You guys, Looper is really good. Normally I leave futuristic time travel movies at least a little bit angry at plot holes and inconsistencies, but I bought everything about this movie. It's really well done, with good pacing. JGL's Bruce Willis makeup wasn't even as distracting as I thought it was going to be, and the face he made the whole movie was VERY entertaining.

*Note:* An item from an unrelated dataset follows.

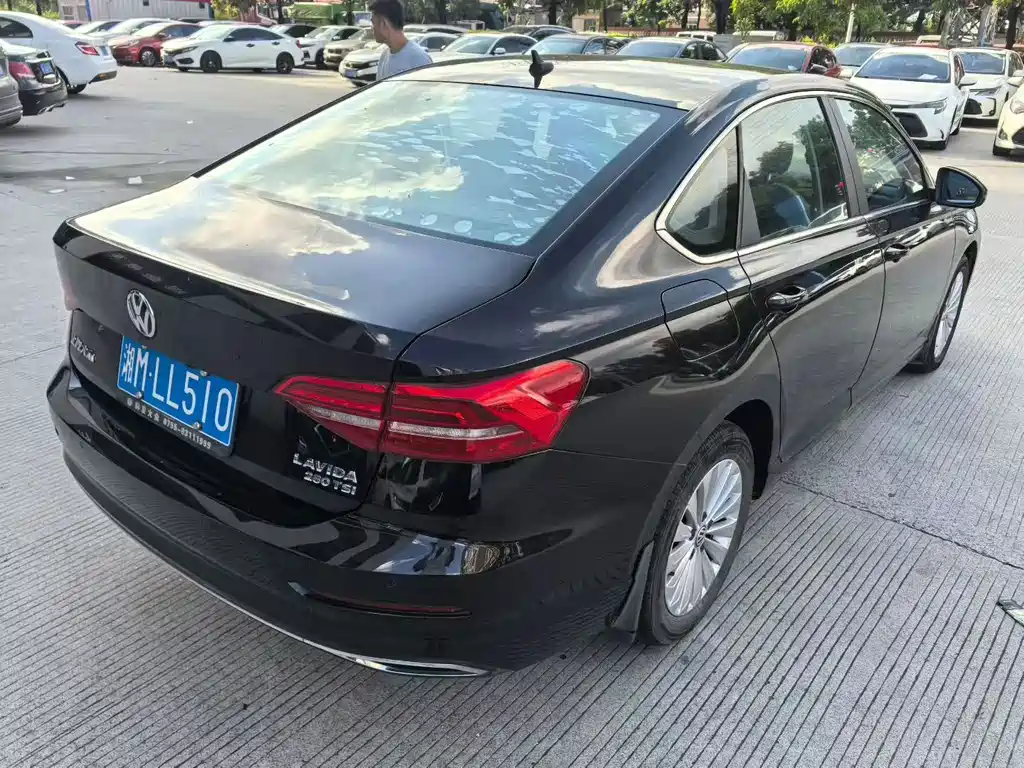 Lavida 280 TSI DSG Comfort CN-VI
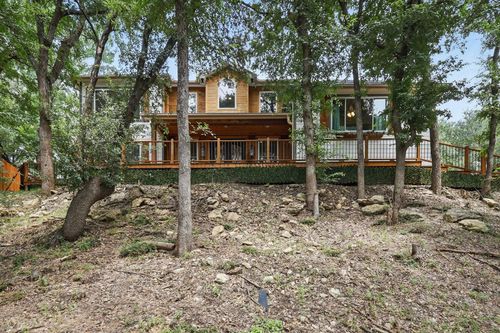 1520 Oakhurst Scenic Dr, Fort Worth, TX, 76111-1401 | Card Image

Don't bother sticking around after the credits to see the Looper bloopers. There aren't any. Which hasn't prevented me from yelling LOOPER BLOOPERS every 10 minutes ever since I saw this movie three days ago.

Samsara

Samsara is a movie shot in 70mm, with no dialogue, just atmospheric music and a bunch of great shots of people and places. It's neato and well worth watching. What I want to talk about, though, is the audience that was at this goddamn thing--I've never seen so much gentle bafflement at the very simple goings-on of the Hollywood Arclight. Basically, when you buy your ticket you pick which seats you want, then you look at the seat numbers on your ticket, and then you walk to those seats. It's pretty straightforward. Unless you're a very stoned, or possibly just very stupid, person with tickets to Samsara, and then what you do is sit in the wrong seat and get really confused when other people ask you to move out of their seats. The situation is exacerbated by the equally stoned or stupid nature of the people asking you to move, as everyone involved compares their tickets and stares really hard at the seat numbers and hunches around from row to row. It is a very entertaining thing to watch as a non-stoned member of the audience. Also, we didn't have to yell at anyone for texting, so I guess what I'm saying is this was the best audience that's ever been in a movie theater.